Avec Abdourahamane Tiani comme chef de la garde présidentielle, le Niger est en passe de tomber sous la coupe d'un régime militaire qui pourrait bouleverser la lutte contre les groupes armés jihadistes au Sahel.

Au Sahel, la lutte contre les jihadistes est bouleversée par les coups d’Etats. Et le «Niger, qui passait pour un pays stable, a montré sa fragilité», a souligné ce samedi pour CNEWS, Bakari Sambé, le chercheur et directeur du Timbuktu Institute. Mercredi, le président du Niger, Mohamed Bazoum, a été renversé par des militaires putschistes dont le chef de la garde présidentielle est Abdourahamane Tiani, un homme de 59 ans, «à poigne». 

«On ne le connaît pas beaucoup en dehors des milieux militaires, il n’a pas de présence publique affichée. C’est un homme de l’ombre, puissant, mais pas une figure très consensuelle,» décrit Ibrahim Yahaya Ibrahim, chercheur pour International crisis group.

Face à l'avancée des jihadistes, les juntes ont donc pris le pas sur des démocraties jugées inefficaces et corrompues. Les militaires au pouvoir ont déjà annoncé une nouvelle orientation stratégique, «soutenus par une frange de la population qui a déjà manifesté une attitude hostile à l'égard de la présence française ou occidentale au Sahel,» explique le chercheur.

«L'approche sécuritaire actuelle n'a pas permis de sécuriser le pays en dépit de lourds sacrifices consentis par les Nigériens», a déclaré le général Tiani dans son premier discours, lu jeudi à la télévision nationale.  

«Bordé par le chaos»

Le Niger subit un afflux de réfugiés venus du Mali et du Nigeria en proie aux violences, estimés à 255.000 en 2022 par Haut Commissariat de l'ONU pour les réfugiés (HCR). Et pour cause, le Niger «est bordé par le chaos libyen, le Nigeria avec Boko Haram et ISWAP, le nord du Bénin très fortement touché par le jihadisme et évidemment le Mali et le Burkina Faso. C'était un pôle de stabilité malgré des problèmes sécuritaires sur le territoire », rappelle Alain Antil, chercheur et le directeur du Centre Afrique Subsaharienne de l'Ifri.  

Avant mercredi, le Niger et son président issu des urnes, Mohamed Bazoum, principal allié des pays occidentaux au Sahel, faisaient figure d'exception dans une bande sahélienne balayée par les violences des groupes armés et par une vague d'autoritarisme teinté de souverainisme russophile.

Le général Tiani, originaire de Filingué, une zone très aride et enclavée, à quelques 200 km au nord-est de Niamey, dans la région de Tillabéri, théâtre d'attaques des groupes jihadistes depuis des années, a dénoncé dans son allocution de jeudi la « libération extrajudiciaire » de « chefs terroristes » par le régime de Mohamed Bazoum.
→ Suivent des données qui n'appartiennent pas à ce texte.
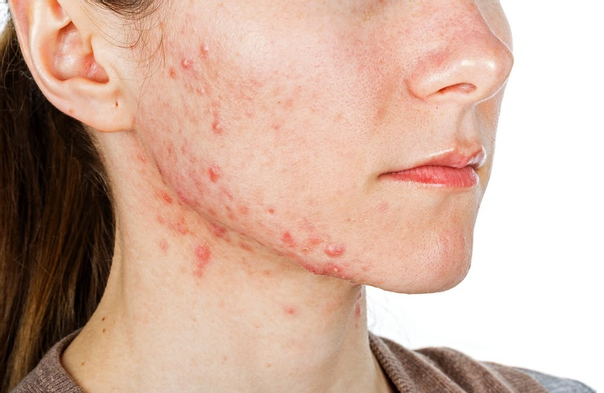 Wie behandelt man Akne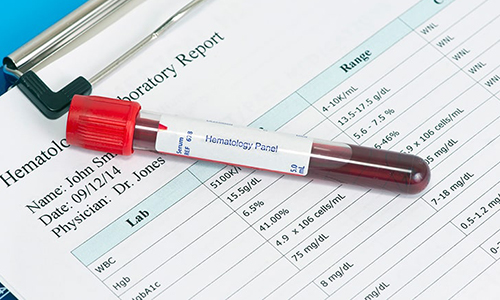 Kan Testindeki Değerlerin Anlamı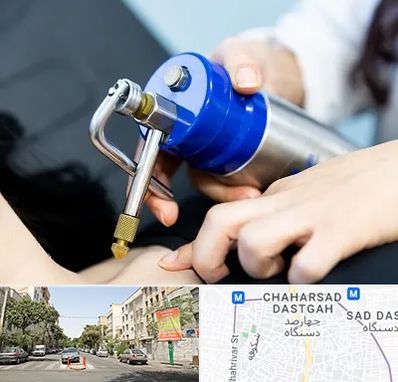 کرایوتراپی در چهارصد دستگاه 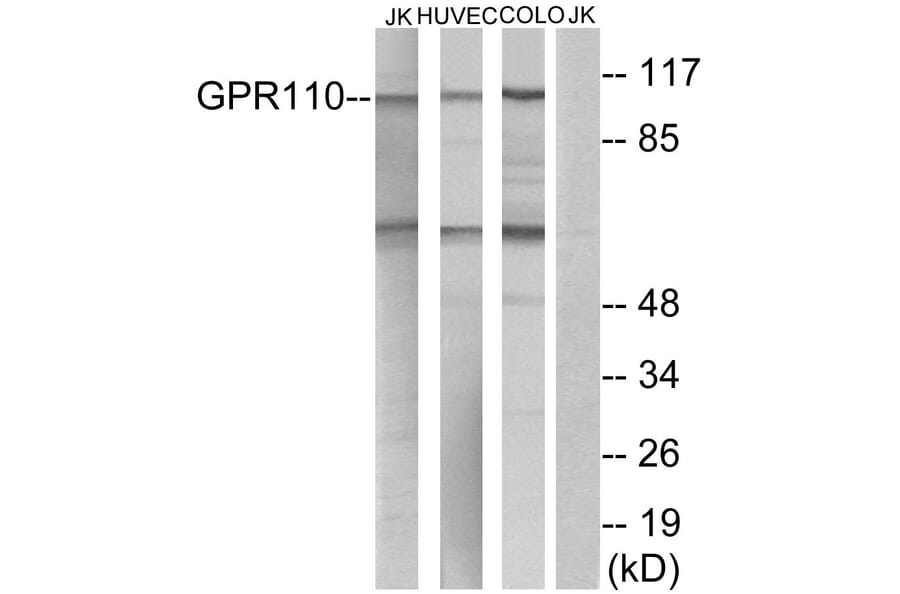 Western Blot - Anti-GPR110 Antibody (G122) - Antibodies.com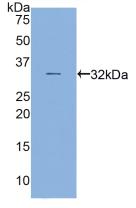 Polyclonal Antibody to Myosin Heavy Chain 16 (MYH16)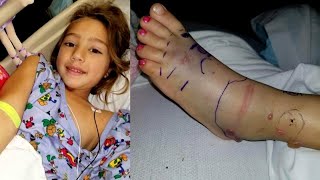 Brave 5YearOld Recovers in Hospital From Venomous Snake Bite [upl. by Zuliram98]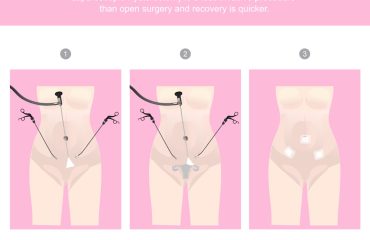 Sangrado Uterino Anormal (SUA)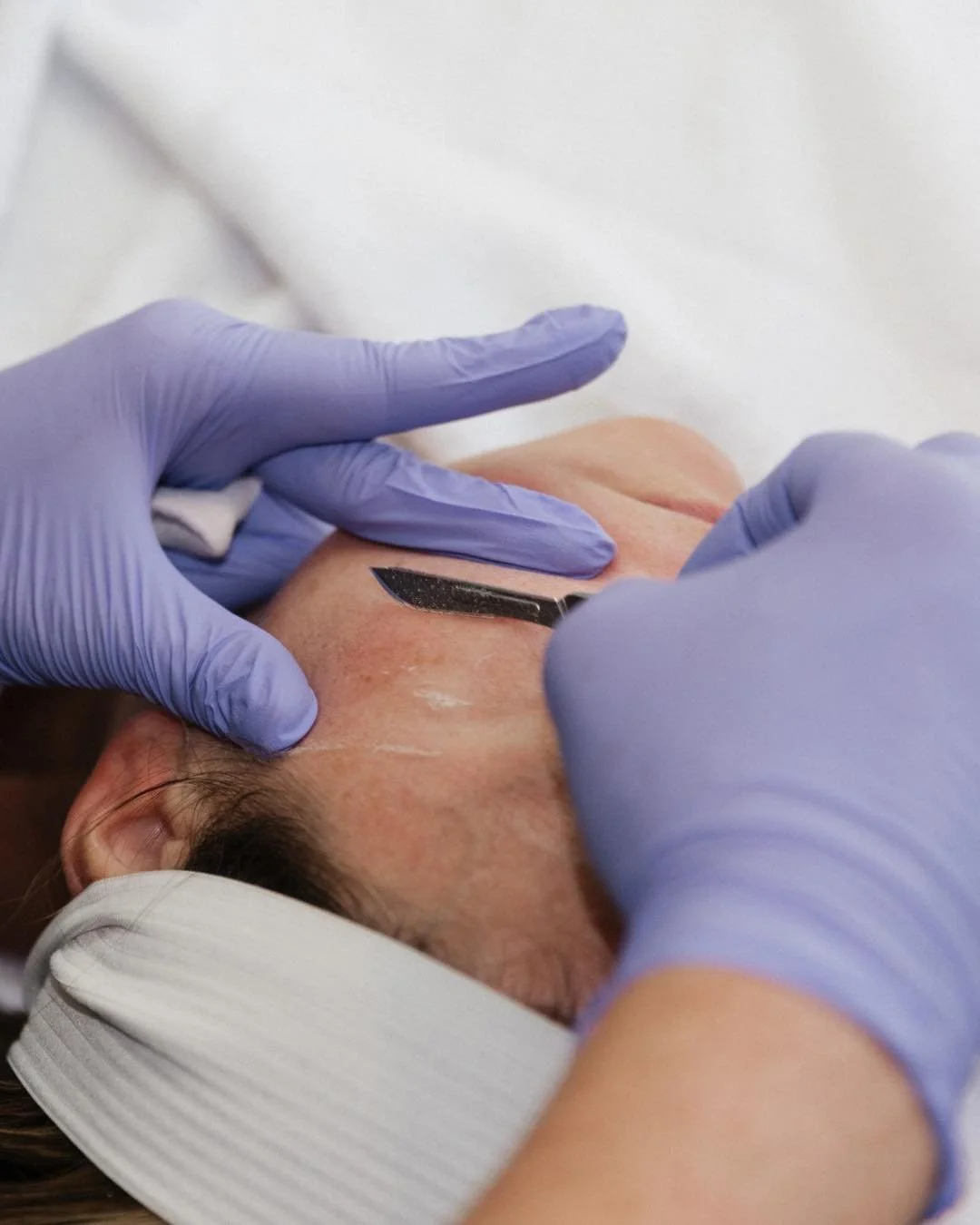 Glowing skin starts at Remedy+ ✨ Dermaplane 🤝HydraFacial = the perfect duo to help you treat dry, winter skin. Cleanse, exfoliate, extract, and hydrate while infusing serums all in one appointment for an instant glow &amp; no downtime. Call 616-214-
Suspension des aides de la part de l'UE 

Au Mali et au Burkina Faso, les militaires au pouvoir ont opté pour une stratégie ultra offensive contre les groupes jihadistes, entachée d'accusations d'exactions récurrentes contre les populations. 

«Ce sont les civils qui paient le prix le plus lourd d'une telle stratégie, ce qui contribue à la déstabilisation, et peut alimenter les tensions inter et intra communautaires», prévient Tatiana Smirnova, chercheure associée au Sahel Research Group.

Du côté des partenaires occidentaux, les perspectives sont plus sombres. L'Union européenne a annoncé la suspension de tout aide budgétaire et des actions de coopération dans le domaine sécuritaire. 

Des sanctions internationales pourraient frapper le régime comme au Mali voisin. Un éventuel départ des forces françaises et américaines laisserait un vide dans une région particulièrement troublée, selon les analystes.